While it has always made sense for Deuba to portray his dissidence as opposition to the arbitrariness of the leadership, the fact that the leader today happens to be surnamed Koirala helps him immensely. Nepali Congress members come from such diverse backgrounds that the party simply has too many fault-lines to cover. But who in the country’s largest democratic party could oppose a clarion call to free the organization from the clutches of a clan if it could cover the sundry motives they have?
Deuba himself has often conceded that, despite his bold public criticisms of Girija Prasad Koirala, he could not muster enough courage to put his grievances across directly to the grand old man. With Girijababu’s departure, Deuba no longer feels so constrained.
His crusade has changed in other ways. Prakash Man Singh, party general secretary and onetime loyalist, today warns Deuba of disciplinary action. (With Girijababu’s own departure from this mortal world, Prakash probably no longer sees the anti-Koirala campaign an extension of the travails of his late father, Ganesh Man Singh.)
Even among onetime loyalists in the Nepali Congress-friendly media, the mood has soured. Editors and columnists who once hailed his courage easily dismiss him today as a relic of the old Nepal.
None of this appears to have dissuaded Deuba. The other members of the Koirala clan are quiet. Sujata is laying low lest the controversy surrounding her son-in-law, Rubel, climb up the family ladder. As one of the original promoters of his party’s alliance with the Maoists, Shekhar is still crossing his fingers on where the 12-point experiment would lead.
The once-promising Shashank has been reduced to lamenting how Nepal has forgotten the national-reconciliation policy his father had propounded when there was actually a king to kick around.
Yet just as Deuba felt he had tamed the tribe, Sushil has shown a sudden itch to enter Baluwatar. The seeds of that ambition, sown during his visit to India earlier in the year, have been nurtured by the succeeding political shenanigans. If Girija Prasad Koirala could become prime minister without having ever served in a lower ministerial rung, what should stop Sushil?
As the notion of a national unity government animates the Nepali Congress, Deuba feels he is most qualified man to head it. You can’t blame him. The negatives associated with Deuba’s record have paled in comparison to what is going on today.
The Maoists have proved that the 40-point charter Deuba had rebuffed in 1996 was not the actual propellant of their decade-long insurgency. Prime Minister Baburam Bhattarai has outdone  Deuba in terms of bloating the cabinet. The ‘Pajero’ culture has turned viler both as a tool and outcome of political skulduggery.

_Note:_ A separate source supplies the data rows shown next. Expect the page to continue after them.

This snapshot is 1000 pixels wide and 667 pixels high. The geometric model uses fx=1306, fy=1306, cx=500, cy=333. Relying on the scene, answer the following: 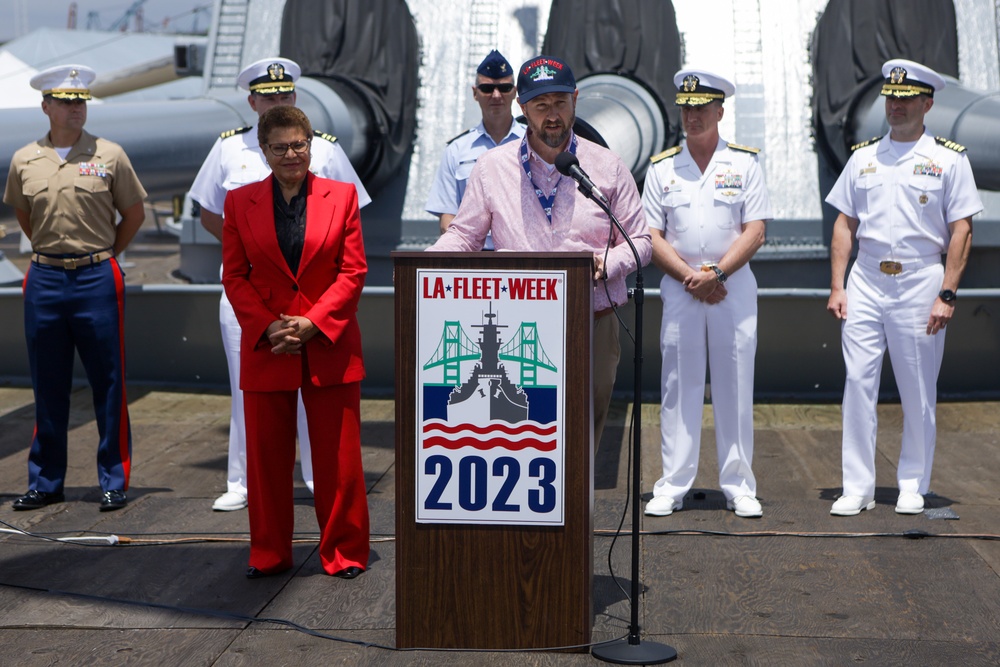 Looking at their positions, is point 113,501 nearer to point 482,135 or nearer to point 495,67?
point 482,135

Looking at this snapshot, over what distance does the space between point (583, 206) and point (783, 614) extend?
1.40m

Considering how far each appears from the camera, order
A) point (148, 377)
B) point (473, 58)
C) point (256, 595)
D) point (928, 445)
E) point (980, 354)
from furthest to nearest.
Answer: point (473, 58)
point (148, 377)
point (980, 354)
point (928, 445)
point (256, 595)

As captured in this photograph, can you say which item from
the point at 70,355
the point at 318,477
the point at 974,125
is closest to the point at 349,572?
the point at 318,477

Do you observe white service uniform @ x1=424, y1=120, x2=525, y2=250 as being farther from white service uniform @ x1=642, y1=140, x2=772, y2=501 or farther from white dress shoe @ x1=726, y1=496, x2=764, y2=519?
white dress shoe @ x1=726, y1=496, x2=764, y2=519

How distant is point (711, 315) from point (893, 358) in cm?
77

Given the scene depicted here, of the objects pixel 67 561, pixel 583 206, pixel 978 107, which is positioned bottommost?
pixel 67 561

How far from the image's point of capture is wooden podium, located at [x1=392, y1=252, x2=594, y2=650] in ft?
11.5

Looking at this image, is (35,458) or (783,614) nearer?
(783,614)

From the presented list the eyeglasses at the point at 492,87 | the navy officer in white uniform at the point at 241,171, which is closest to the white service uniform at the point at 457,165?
the eyeglasses at the point at 492,87

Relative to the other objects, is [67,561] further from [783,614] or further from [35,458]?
[783,614]

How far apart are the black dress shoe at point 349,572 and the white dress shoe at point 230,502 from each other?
113 cm

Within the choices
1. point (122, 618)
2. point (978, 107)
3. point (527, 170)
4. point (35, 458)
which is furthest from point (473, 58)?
point (122, 618)

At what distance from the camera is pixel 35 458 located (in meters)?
5.64

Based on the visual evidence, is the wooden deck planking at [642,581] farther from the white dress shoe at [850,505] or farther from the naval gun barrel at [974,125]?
the naval gun barrel at [974,125] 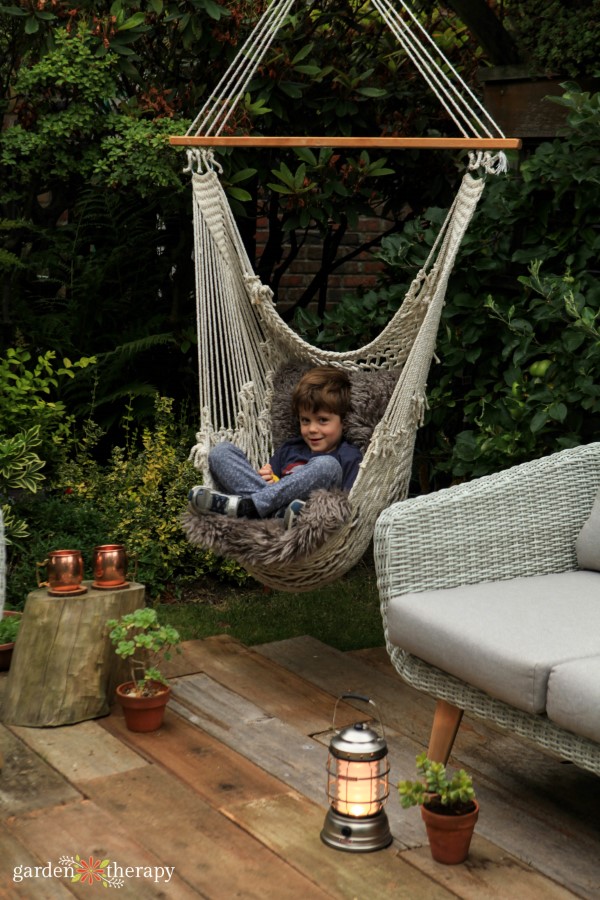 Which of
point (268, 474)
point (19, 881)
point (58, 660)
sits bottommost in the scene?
point (19, 881)

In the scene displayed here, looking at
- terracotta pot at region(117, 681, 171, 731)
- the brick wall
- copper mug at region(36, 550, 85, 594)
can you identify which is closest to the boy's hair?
copper mug at region(36, 550, 85, 594)

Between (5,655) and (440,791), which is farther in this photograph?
(5,655)

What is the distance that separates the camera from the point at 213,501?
124 inches

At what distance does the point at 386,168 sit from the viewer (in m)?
4.47

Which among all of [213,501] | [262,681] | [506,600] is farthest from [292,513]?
[506,600]

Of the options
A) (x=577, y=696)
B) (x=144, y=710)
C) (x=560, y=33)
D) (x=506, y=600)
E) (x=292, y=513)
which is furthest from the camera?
(x=560, y=33)

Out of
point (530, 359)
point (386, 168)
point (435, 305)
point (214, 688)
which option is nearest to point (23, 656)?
point (214, 688)

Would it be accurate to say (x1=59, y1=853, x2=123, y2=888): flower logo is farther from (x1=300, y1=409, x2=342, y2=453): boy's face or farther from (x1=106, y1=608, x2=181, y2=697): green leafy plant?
(x1=300, y1=409, x2=342, y2=453): boy's face

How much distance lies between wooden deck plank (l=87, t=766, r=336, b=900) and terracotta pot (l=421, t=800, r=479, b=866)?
0.24 meters

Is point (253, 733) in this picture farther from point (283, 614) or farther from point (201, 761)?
→ point (283, 614)

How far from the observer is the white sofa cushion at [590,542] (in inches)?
104

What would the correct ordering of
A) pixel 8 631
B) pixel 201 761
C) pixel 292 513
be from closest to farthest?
pixel 201 761, pixel 292 513, pixel 8 631

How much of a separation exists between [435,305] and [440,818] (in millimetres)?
1346

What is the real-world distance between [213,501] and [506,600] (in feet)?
3.30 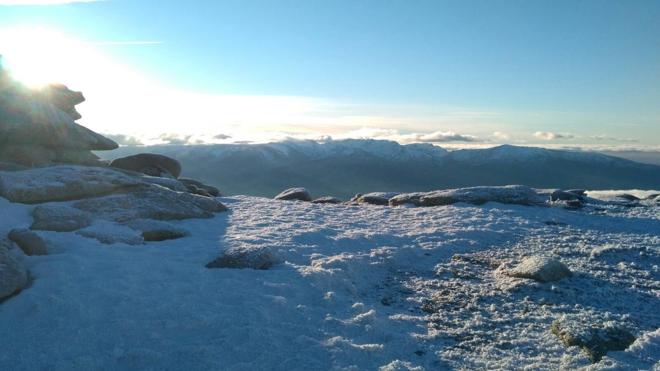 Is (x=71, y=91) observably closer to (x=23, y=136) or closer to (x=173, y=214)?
(x=23, y=136)

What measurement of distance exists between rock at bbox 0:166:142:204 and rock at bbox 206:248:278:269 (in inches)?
319

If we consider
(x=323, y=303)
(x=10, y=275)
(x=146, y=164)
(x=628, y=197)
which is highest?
(x=146, y=164)

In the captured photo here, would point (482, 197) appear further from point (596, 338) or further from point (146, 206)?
→ point (146, 206)

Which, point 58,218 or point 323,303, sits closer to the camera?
point 323,303

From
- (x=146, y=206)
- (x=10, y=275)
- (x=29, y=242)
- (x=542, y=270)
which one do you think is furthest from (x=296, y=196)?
(x=10, y=275)

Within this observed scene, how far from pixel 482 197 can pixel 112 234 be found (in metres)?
16.5

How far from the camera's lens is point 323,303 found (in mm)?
9617

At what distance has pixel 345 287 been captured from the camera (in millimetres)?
10711

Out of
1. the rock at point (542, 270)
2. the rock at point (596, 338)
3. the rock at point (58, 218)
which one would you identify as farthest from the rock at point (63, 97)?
the rock at point (596, 338)

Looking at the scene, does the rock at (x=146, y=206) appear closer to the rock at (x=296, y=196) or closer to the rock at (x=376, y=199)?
the rock at (x=296, y=196)

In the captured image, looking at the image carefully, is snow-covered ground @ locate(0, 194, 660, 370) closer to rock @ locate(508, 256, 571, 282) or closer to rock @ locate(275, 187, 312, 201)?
rock @ locate(508, 256, 571, 282)

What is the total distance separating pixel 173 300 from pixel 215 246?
424cm

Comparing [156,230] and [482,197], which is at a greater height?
[482,197]

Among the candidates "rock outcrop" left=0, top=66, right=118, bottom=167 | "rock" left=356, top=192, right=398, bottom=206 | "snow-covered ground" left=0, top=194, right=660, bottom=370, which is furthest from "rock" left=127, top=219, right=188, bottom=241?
"rock outcrop" left=0, top=66, right=118, bottom=167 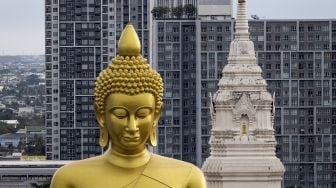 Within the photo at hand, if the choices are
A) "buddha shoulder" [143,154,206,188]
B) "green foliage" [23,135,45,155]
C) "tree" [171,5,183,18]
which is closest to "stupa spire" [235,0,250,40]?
"tree" [171,5,183,18]

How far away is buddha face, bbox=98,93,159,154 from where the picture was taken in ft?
71.6

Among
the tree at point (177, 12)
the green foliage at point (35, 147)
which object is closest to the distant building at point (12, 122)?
the green foliage at point (35, 147)

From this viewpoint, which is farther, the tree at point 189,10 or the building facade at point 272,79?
the tree at point 189,10

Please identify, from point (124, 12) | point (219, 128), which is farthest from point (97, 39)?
point (219, 128)

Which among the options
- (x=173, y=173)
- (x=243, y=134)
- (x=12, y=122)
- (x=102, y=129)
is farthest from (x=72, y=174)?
(x=12, y=122)

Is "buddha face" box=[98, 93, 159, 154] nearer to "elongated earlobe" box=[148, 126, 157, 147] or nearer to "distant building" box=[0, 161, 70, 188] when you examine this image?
"elongated earlobe" box=[148, 126, 157, 147]

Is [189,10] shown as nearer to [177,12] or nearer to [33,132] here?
[177,12]

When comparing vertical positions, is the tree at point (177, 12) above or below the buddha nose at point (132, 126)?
below

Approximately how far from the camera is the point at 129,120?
21.8 m

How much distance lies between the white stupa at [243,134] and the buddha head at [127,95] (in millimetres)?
53104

Agreements far more toxic than the one on the Mahakali River have become commonplace. (At least during those days you could expect the principal opposition party to make a pretense of having split on account of anti-national agreements.)
As to the allegation that Deuba could not save democracy during his last two tenures as premier, isn’t it an article of faith among the current political class that true democracy ever existed in Nepal?
Looking ahead, maybe Deuba wants a new term to demonstrate that he is capable of something different, now that things have come full circle.